McClellan - The best commander of the Army of the Potomac?

From Edmund Palfry's, "Antietam and Fredericksburg":


These pages contain many outspoken criticisms of his [McClellan] military career. They are the expression of conclusions arrived at with deliberation by one who began as a passionate enthusiast for him, who has made his campaigns the subject of much study and thought, and who has sought only to compare the facts of those campaigns with the established principles of the military art. There is no occasion to repeat those criticisms here, but it may be well to add to them what the writer has said in another place in print, that there was in McClellan a sort of incapacity of doing anything till an ideal completeness of preparation was reached, and that the prevalence of the commander-in-chief idea was always pernicious to him, so that, from first to last, he never made his personal presence felt on a battle-field. With the further remark that he seems to have been totally devoid of ability to form a just estimate of the numerical strength of his opponent, our adverse criticisms come to an end, and it is a relief to keep silence no longer from good words.

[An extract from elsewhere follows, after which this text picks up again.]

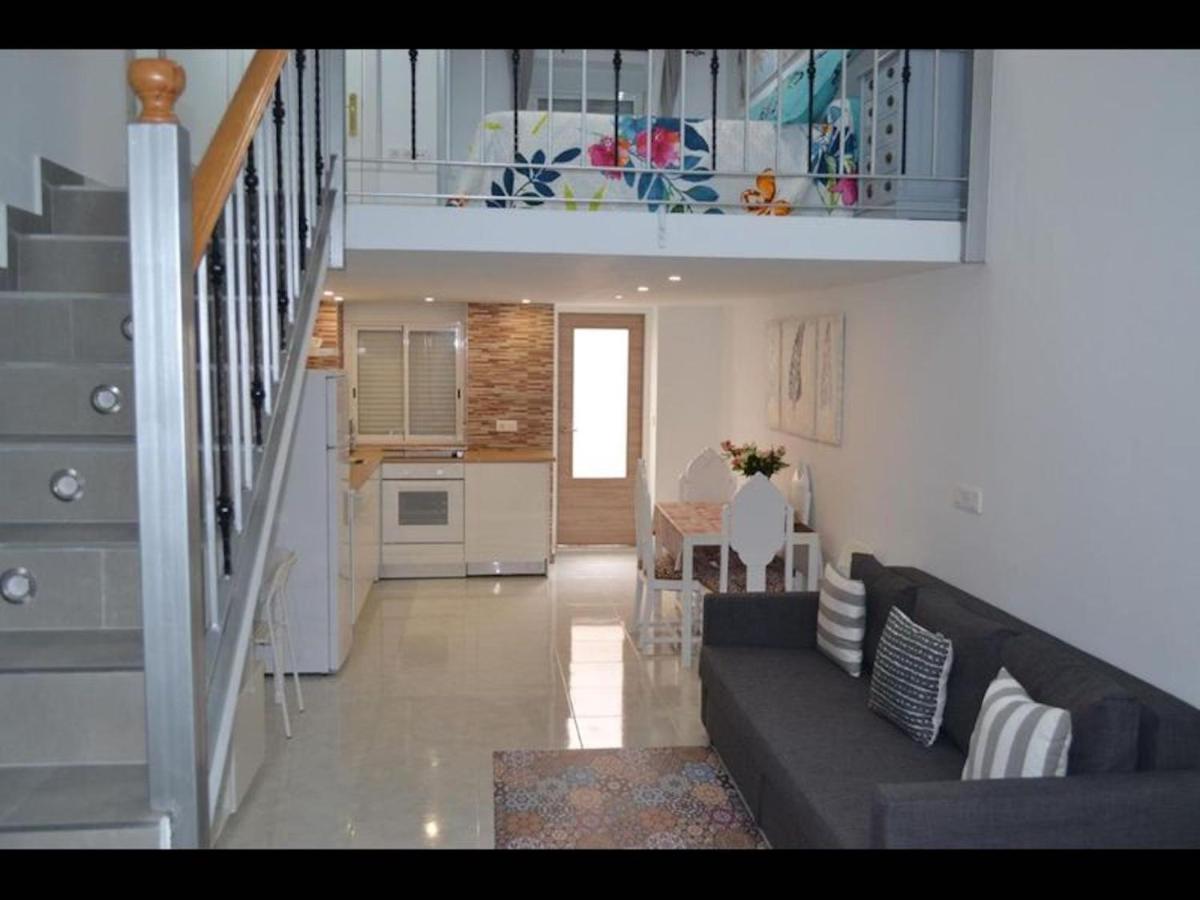 Stunning Loft Apartment Air Conditioning, Impressive Modern Conversion Αλικάντε Εξωτερικό φωτογραφία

It is little to say that his character was reputable, but it is true. He was a courteous gentleman. Not a word was ever said against his way of life nor his personal integrity. No orgies disgraced headquarters while he was in command. His capacity and energy as an organizer are universally recognized. He was an excellent strategist and in many respects an excellent soldier. He did not use his own troops with sufficient promptness, thoroughness and vigor, to achieve great and decisive results, but he was oftener successful than unsuccessful with them, and he so conducted affairs that they never suffered heavily without inflicting heavy loss upon their adversaries

It may appear a strange statement to follow the other matter which this volume contains, but it is none the less true, that there are strong grounds for believing that he was the best commander the Army of the Potomac ever had. No one would think for a moment of comparing Pope or Burnside or Hooker with him. The great service which Meade rendered his country at Gettysburg, and the elevated character of the man, are adverse to too close a scrutiny of his military ability. As for Grant, with his grim tenacity, his hard sense, and his absolute insensibility to wounds and death, it may well be admitted that he was a good general for a rich and populous country in a contest with a poor and thinly peopled land, but let any educated soldier ask himself what the result would have been if Grant had had only Southern resources and Southern numbers to rely on and use, and what will the answer be? While the Confederacy was young and fresh and rich, and its armies were numerous, McClellan fought a good, wary, damaging, respectable fight against it. He was not so quick in learning to attack as Joe Johnston and Lee and Jackson were, but South Mountain and the Antietam showed that he had learned the lesson, and with longer possession of command, greater things might fairly have been expected of him. Not to mention such lamentable failures as Fredericksburg and Chancellorsville, it is easy to believe that with him in command, the Army of the Potomac would never have seen such dark days as those of the Wilderness and Cold Harbor.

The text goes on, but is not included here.